According to the US Centers
for Disease Control 2001 Report, the primary concern of the USCDC is the increasing
prevalence of Dental Fluorosis (DF) in fluoridated and non fluoridated areas:
"Cases of moderate and severe forms occurred even among children living
in areas with low fluoride concentrations in the drinking water. Although
this level of enamel fluorosis is not considered a public health problem,
prudent public health practice should seek to minimize this condition, especially
moderate to severe forms. In addition, changes in public perceptions of what
is cosmetically acceptable could influence support for effective caries-prevention
measures." (1)
Dental fluorosis (DF,
or "mottled teeth"), has long been recognised as an endemic problem
affecting areas of the world with high levels of naturally occurring fluorides
in the drinking water.
When artificial drinking
water fluoridation schemes began in the United States in the mid twentieth
century, the US Public Health Service estimated that 10% of children consuming
water fluoridated between 0.9 - 1.2 parts per million would develop mild DF.
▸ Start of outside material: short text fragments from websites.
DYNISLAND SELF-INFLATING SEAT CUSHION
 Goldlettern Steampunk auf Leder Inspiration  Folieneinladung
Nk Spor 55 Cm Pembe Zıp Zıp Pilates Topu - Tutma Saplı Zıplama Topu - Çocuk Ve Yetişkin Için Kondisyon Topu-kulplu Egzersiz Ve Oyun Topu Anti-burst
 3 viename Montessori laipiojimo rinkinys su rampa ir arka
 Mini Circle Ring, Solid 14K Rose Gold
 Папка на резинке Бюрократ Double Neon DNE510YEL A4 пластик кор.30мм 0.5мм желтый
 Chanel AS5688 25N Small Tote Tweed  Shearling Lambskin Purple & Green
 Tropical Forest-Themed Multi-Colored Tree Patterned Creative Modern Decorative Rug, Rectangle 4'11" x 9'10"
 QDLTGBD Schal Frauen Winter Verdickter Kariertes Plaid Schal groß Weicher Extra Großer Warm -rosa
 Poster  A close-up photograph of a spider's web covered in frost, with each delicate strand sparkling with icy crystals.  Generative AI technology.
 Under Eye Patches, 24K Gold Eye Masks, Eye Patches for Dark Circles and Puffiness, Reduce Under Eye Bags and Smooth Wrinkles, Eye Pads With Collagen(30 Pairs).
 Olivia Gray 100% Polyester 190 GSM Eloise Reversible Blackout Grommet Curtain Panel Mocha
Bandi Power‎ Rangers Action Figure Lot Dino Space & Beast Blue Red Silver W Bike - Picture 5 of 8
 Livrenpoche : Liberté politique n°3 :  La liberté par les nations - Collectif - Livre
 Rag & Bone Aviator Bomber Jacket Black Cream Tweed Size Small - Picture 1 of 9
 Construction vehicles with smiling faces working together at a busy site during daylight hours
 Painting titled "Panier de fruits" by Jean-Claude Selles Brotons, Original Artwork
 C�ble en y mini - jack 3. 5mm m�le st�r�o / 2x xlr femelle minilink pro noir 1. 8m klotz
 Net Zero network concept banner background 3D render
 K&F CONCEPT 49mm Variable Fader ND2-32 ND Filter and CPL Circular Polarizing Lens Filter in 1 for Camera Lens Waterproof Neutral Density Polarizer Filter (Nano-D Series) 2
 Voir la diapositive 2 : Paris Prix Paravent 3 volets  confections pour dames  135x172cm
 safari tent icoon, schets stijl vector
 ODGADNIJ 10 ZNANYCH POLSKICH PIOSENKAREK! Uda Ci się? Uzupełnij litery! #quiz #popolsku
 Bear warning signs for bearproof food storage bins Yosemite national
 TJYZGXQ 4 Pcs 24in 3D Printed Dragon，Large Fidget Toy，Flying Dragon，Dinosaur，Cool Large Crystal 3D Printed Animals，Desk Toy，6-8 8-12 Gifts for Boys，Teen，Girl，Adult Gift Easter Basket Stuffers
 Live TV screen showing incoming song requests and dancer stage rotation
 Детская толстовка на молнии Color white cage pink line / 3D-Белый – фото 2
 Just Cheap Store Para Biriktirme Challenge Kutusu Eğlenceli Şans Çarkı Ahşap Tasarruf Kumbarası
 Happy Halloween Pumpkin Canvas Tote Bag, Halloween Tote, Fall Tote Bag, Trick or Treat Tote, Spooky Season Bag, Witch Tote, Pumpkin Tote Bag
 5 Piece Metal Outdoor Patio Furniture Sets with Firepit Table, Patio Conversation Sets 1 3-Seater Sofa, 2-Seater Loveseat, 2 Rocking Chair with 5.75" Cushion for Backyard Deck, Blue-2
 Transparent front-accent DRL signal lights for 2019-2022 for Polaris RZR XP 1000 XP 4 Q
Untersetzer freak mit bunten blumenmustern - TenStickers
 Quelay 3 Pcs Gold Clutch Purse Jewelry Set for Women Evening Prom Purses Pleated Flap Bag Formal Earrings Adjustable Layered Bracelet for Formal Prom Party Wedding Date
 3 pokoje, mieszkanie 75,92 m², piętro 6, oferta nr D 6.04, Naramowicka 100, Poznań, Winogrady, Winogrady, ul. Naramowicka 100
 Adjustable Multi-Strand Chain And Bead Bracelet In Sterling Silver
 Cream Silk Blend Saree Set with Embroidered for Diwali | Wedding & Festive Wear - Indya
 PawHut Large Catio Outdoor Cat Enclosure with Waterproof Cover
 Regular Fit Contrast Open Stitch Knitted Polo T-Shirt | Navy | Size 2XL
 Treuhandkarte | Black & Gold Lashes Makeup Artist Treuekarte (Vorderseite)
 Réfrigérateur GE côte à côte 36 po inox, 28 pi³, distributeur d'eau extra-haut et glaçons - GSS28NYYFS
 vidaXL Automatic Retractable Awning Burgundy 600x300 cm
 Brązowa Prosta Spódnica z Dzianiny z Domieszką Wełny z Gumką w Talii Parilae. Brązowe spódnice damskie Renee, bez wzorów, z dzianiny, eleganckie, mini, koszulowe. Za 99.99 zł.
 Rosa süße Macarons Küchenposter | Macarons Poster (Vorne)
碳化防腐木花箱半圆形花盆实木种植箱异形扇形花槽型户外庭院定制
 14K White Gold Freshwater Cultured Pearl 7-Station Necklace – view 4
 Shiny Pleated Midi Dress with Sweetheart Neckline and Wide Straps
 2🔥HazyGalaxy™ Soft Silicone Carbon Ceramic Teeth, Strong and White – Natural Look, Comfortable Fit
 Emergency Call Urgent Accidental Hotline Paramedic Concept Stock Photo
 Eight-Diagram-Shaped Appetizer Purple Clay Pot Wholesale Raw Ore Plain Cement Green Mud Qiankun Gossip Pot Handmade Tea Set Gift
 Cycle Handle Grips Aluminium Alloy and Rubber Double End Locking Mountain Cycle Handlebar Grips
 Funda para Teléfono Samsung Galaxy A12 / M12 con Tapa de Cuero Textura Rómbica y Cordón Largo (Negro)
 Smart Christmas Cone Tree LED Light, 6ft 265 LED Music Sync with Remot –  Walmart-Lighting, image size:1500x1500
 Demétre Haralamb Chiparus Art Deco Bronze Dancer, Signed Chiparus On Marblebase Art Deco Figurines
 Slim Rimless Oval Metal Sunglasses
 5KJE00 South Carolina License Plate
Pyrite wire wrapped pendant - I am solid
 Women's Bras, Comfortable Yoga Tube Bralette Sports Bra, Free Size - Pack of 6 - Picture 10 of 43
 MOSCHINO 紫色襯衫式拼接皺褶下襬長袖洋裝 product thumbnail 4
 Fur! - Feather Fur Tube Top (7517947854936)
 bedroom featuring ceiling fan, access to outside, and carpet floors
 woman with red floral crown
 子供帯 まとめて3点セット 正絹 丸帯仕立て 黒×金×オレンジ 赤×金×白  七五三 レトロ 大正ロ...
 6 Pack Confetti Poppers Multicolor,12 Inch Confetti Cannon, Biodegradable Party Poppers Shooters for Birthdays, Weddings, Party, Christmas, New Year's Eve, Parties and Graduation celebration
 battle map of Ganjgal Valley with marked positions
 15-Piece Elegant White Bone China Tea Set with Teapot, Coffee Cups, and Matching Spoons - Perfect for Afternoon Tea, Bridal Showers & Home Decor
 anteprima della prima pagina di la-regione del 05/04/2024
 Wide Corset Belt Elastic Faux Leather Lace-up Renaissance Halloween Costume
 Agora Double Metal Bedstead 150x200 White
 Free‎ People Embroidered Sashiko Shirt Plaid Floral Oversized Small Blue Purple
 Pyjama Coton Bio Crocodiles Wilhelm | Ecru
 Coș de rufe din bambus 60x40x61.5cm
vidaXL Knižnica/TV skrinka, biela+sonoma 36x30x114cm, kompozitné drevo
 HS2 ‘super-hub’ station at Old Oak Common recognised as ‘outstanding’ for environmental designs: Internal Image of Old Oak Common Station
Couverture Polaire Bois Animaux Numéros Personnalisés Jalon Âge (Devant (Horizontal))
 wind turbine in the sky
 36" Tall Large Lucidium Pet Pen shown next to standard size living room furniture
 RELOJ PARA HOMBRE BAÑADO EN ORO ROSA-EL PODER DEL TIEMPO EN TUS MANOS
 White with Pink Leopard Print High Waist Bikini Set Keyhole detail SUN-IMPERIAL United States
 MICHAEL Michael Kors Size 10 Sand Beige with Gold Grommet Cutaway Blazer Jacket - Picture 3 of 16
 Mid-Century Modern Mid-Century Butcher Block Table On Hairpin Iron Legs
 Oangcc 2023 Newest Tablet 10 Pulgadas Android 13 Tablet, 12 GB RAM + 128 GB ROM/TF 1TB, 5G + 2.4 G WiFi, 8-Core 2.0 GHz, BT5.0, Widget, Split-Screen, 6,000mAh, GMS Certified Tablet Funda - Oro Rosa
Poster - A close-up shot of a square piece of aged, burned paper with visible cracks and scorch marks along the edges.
There was a general assumption that drinking water would be the only source
of exposure to fluorides.(2)
Today, half a century
later, populations are exposed to fluorides from a wide range of sources,
including air pollution, drinking water, toothpaste, mouth rinses, foods,
beverages, medicines, anaesthetics, fluoride supplements, pesticide and herbicide
residues. The result of these multiple exposures has led to a dramatic increase
in the prevalence of mild, moderate and severe DF. It has become a problem
even in areas where the public drinking water has never been artificially
fluoridated.(3)
The dental profession
considers artificial water fluoridation to be an effective way of reducing
tooth decay in children and regards DF as "merely a cosmetic effect."
Public health officials
consider (and have described) DF as a "classic public health trade-off"
- an acceptable minor risk - resulting from "a beneficial, cost-effective
public health measure which reduces inequalities in dental health."
The National Academy of
Sciences publication, "Health Effects of Ingested Fluoride" (1993)
indicates that DF (from very mild to severe) ranges from 22% - 84% in fluoridated
and non-fluoridated areas. The use of fluoridated products has produced a
widespread 'halo effect' extending into non-fluoridated areas.(4)
(Click here to see Health Effects of Ingested Fluoride Dental Fluorosis Chapter
and photographs).
In a study published in the British Dental Journal in 2000, leading UK researchers
from Newcastle City Health NHS Trust found that the prevalence of dental fluorosis
among 8 - 9-year-old children in fluoridated Newcastle was 54%. They also
found that in "fluoride-deficient" Northumberland, 23% of 8 - 9-year-old
children have DF. They concluded that the prevalence of "aesthetically
important" DF in the fluoridated area was 3% - six times higher than
found in the non-fluoridated area, where 0.5% of the children were affected.(5)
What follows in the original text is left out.